Twitter has touted the fact that its small advertising rates are attractive for small businesses and global advertisers. Yet, there may be potential limitations to a firm's advertising reach on Twitter if the user growth rate continues to decline. The firm has indicated that they expect to see the continued decline of advertising costs.
In the long-term, Twitter's advertising revenue may be adversely affected if the firm fails to develop a strategy to quell the stagnation of its user-based growth and user-engagement on Twitter.
Is there a Bright Side?
Twitter's user base is not only maturing in number totals, but in age as well. This can be seen in E-Marketer's latest forecast that measured Twitter user penetration in the U.S by age group. As you can see on the chart, the biggest potential increase in user penetration from 2013-2018 is in the 35-44 year old age group. If this forecast holds true, this is good news for Twitter in terms of ad engagement. After all, older users have an increased likelihood of ad engagement, as stated by E-Marketer.
Additionally, Twitter is looking to capitalize on its sizable base of minorities that comprise their user-base. As you can see in the preceding graph by Business Insider Intelligence, a much larger share of Black and Hispanic Internet Users are on Twitter.
Twitter has a larger combined % share of blacks and Hispanics than Facebook and LinkedIn (NYSE:LNKD), as evidenced by the preceding graph.
Thus, Twitter may be in a unique position to attract advertisers that are aiming to connect with minorities on social media. Recently, Twitter has played a key role in recent marketing campaigns by All-State Corp (NYSE:ALL) and Home Depot (NYSE:HD) surrounding issues that affect the African-American Community. Twitter has recently hired marketing maven Nuria Santamaria as multicultural strategist to aid the firm in generating revenue based on its demographics.

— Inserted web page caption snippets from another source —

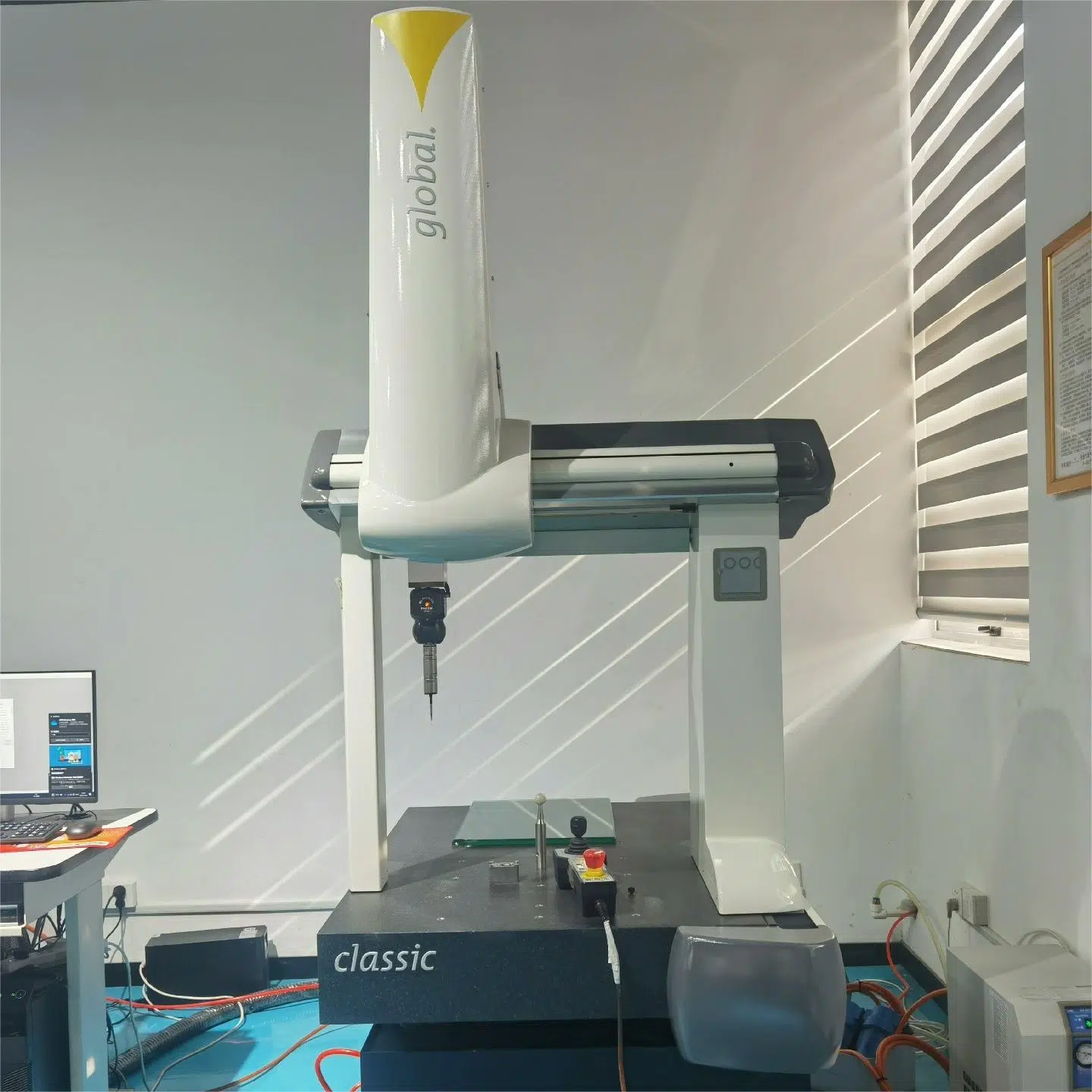 GLOBAL 655 Coordinate Measuring Machine 1 Machine de mesure tridimensionnelle GLOBAL 655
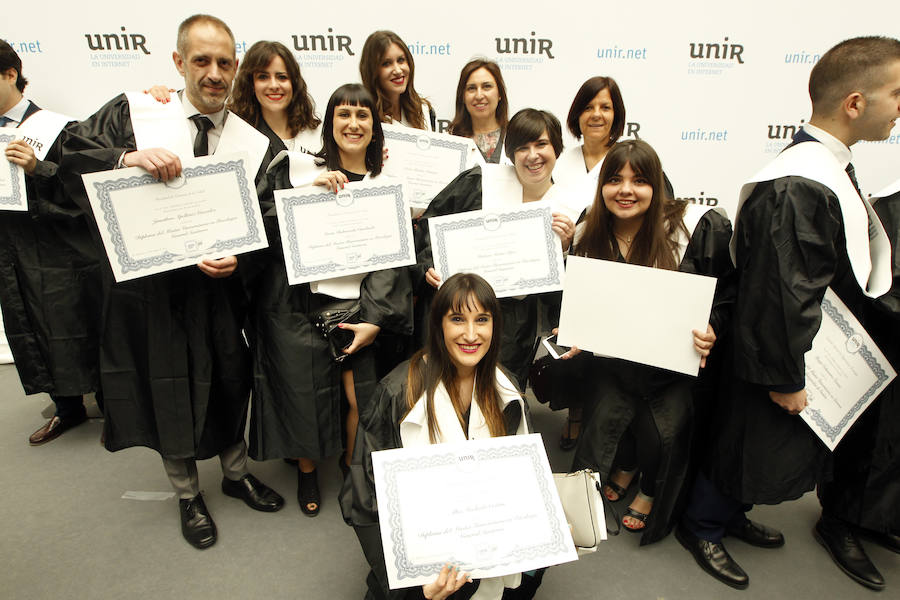 Ceremonia de graduación de los alumnos de grado y postgrado en la plaza de toros de Logroño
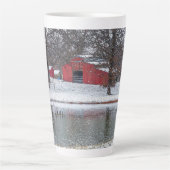 Rode schuur in sneeuwpoly latte mok (Voorkant)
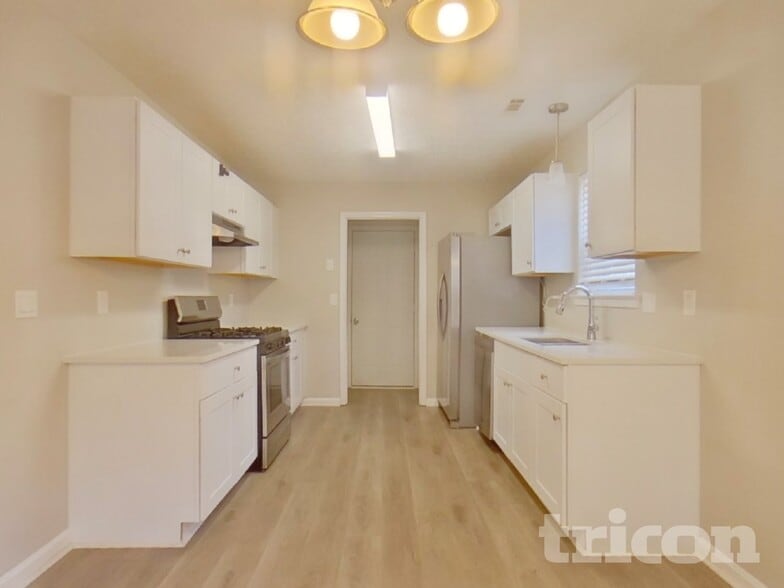 Building Photo - 10622 Cherry Cove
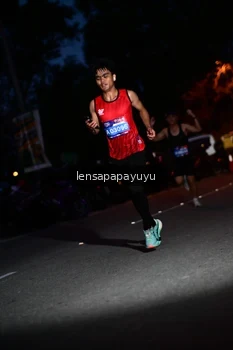 Runner Photo 4098324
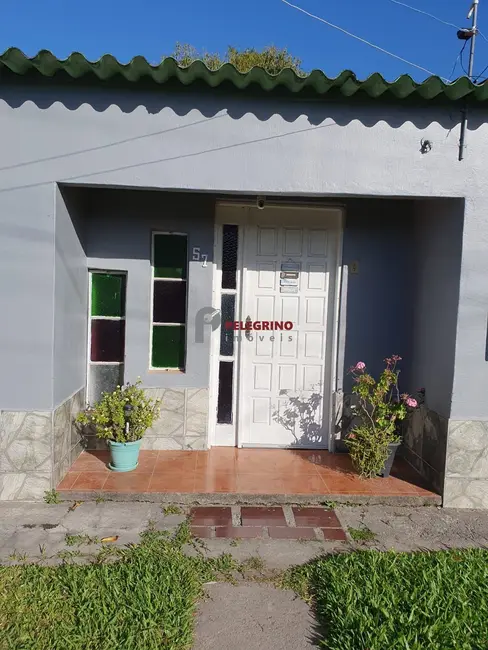 Foto 2 de Casa com 2 quartos à venda, 130m2 em Centro, Tapes - RS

INVESTORS SHOULD SHORT TWITTER
Yet, Twitter's current efforts to make lemons out of lemonade can only go so far. It is hard for investors to be convinced of the long-term viability of Twitter right now as a stock given their user-base problems. After all, its user-base growth has saturated despite the fact that its user-base still pales in comparison to Facebook. As the graph below shows, the user-base deficit between Facebook and Twitter is very clear.
Thus, I feel that Twitter is in the midst of a reality check and is a good short play. According to CNNMoney, their 12-month median price and low price targets are $51.50 and $32.50 respectively. I feel that they are set for a drop to the $45 mark.
The lack of Twitter's user-base growth is the big elephant in the room. Until it is fixed, Twitter will continue to be mired in vulnerability.
Disclosure: I have no positions in any stocks mentioned, and no plans to initiate any positions within the next 72 hours. I wrote this article myself, and it expresses my own opinions. I am not receiving compensation for it (other than from Seeking Alpha). I have no business relationship with any company whose stock is mentioned in this article.